Former federal and state politician John Brumby had a piece in THE AGE on Tuesday “Australia needs to start making its own luck” warning of ‘dog days’ and Australia heading down ‘the Greek road’. Although Brumby clearly followed the neo-liberal economic textbook, both sides of politics should be prepared to openly address our precarious economic situation – because Australia once did lead the world in political initiative. We should revisit this history in order to help respond to current socio-economic challenges: most particularly, the Progressive Era, 1890 – 1920. [*]

Australia had experienced the 1890s depression generated by the bursting of the 1880s bubble in land prices, and seeking to preclude any repetition, all sides of politics began to see merit in the ideas of the American Henry George who had toured in 1890, addressing large crowds in the eastern states and South Australia. George’s arguments in favour of the ‘single tax’ on land were very fresh in peoples’ minds at federation – and the Commonwealth government introduced a federal land tax in 1910.

Nor were property speculators welcome in Canberra, where a greenfield site was chosen for the new capital in 1908.  Its land was to be leasehold only, and the ongoing site rents would help sustain the city.

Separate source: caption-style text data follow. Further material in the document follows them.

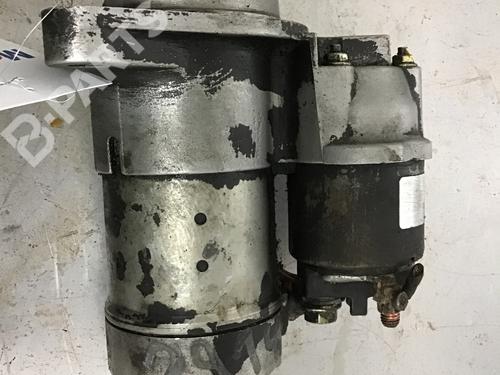 Used Starter OPEL COMBO Box Body/MPV 1.7 DTI 16V (75 hp) 8346117
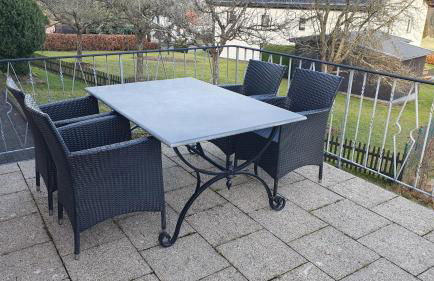 Ferienhaus Hescheld With Private Jacuzzi - Foto 46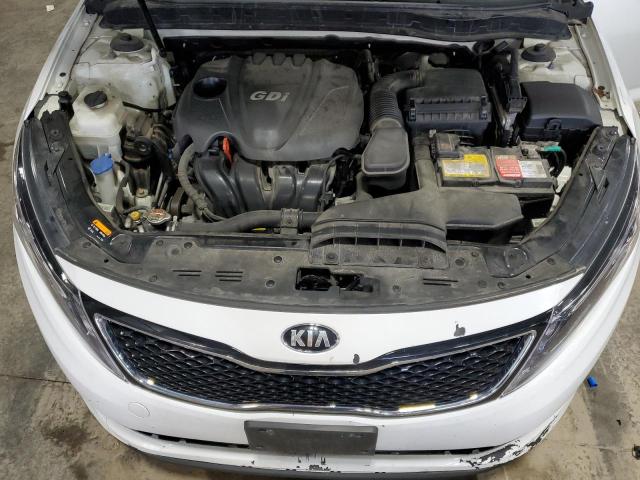 Photo 11 from auction – 2015 KIA OPTIMA LX with VIN KNAGM4A78F5648829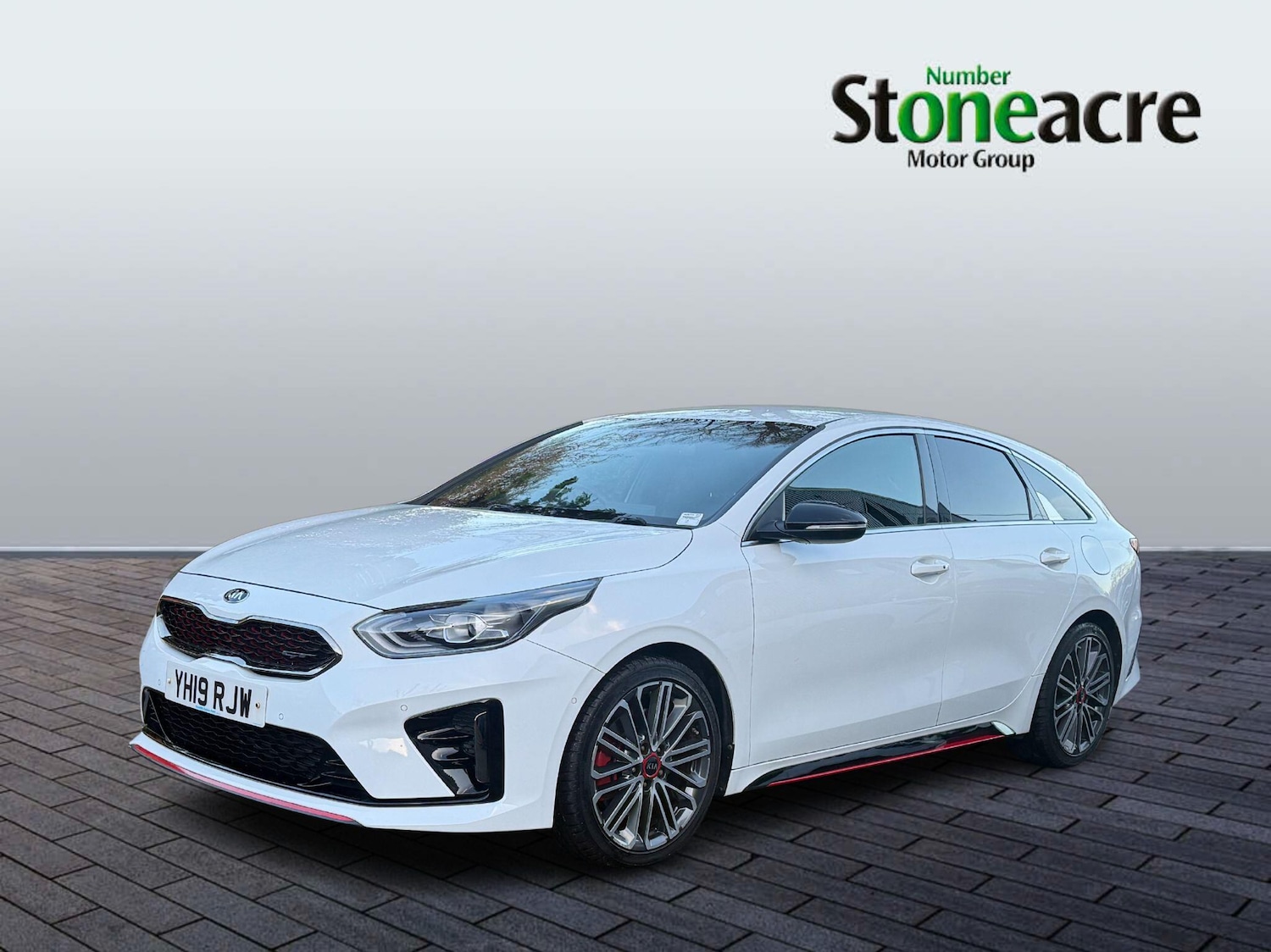 Used Kia Pro Ceed 2019 for sale - 76965256: Photo 7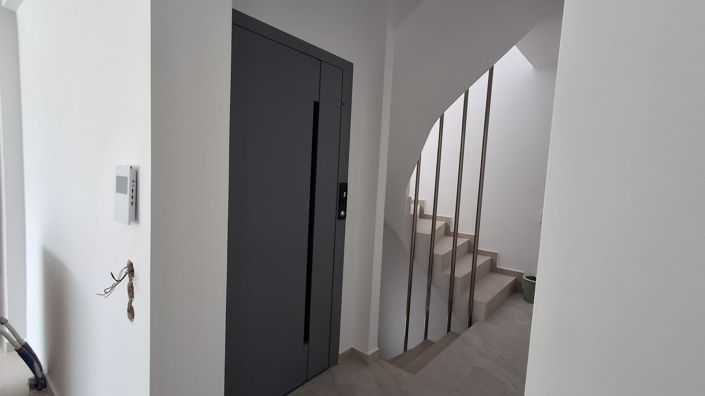 Image No.11-Penthouse de 3 chambres à vendre à Lasithi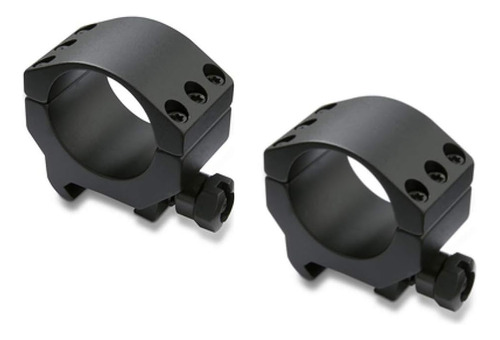 Optics Xtreme - Anillos Tácticos Para Rifle (1.181pulgada Pa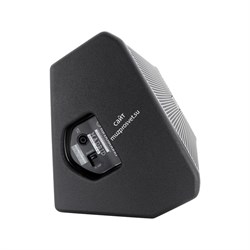 TURBOSOUND TMS122M - двухполосная пассивная АС/монитор, биамп,12"+1,4", 8 Ом, 800Вт RMS/3200 - фото 118418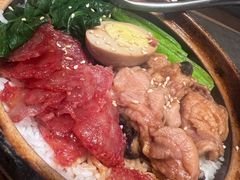 -膳心记-明火四宝煲仔饭(燕南店)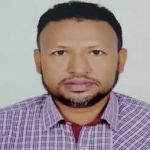 Mohammad Mamun Bhuiya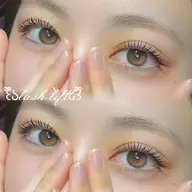 ☁️ lash lift ☁️まつげパーマ新規限定コーティング込み✨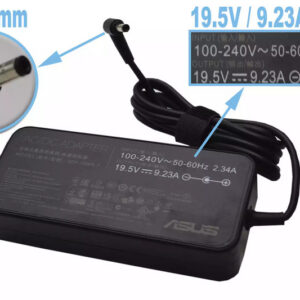 Cargador Asus 19.5v 9.23a 180w Plug 5.5×2.5mm Original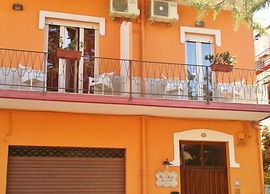 Casa Del Sole Accomodation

State and local governments meanwhile continued to construct dams, bridges, highways and streets out of part of the uplift in land values these capital works delivered to all title holders.

But the days when Australia had the best standard of living in the world have long gone. Nothing must now interfere with our speculative real estate proclivities. As our freeways become tollways, we cast about, wondering how we can possibly expand the rail network.

There are extremely good reasons Australia should review its past. Not all old ideas are bad ideas.

[*]  The period was notable for its drive against corruption, and supporters of the ideas of Henry George loomed large. Lloyd George’s “Peoples’ Budget” of 1909, which incorporated a land tax, exemplified the times in Britain.  Strong mayors in the USA, the likes of Al Smith, Tom L Johnson, Brand Whitlock, Daniel Hoan, Edward Robeson Taylor, “Sunny Jim” Rolph and Hazen Pingree instituted land tax measures to encourage capital works that would resurrect their cities.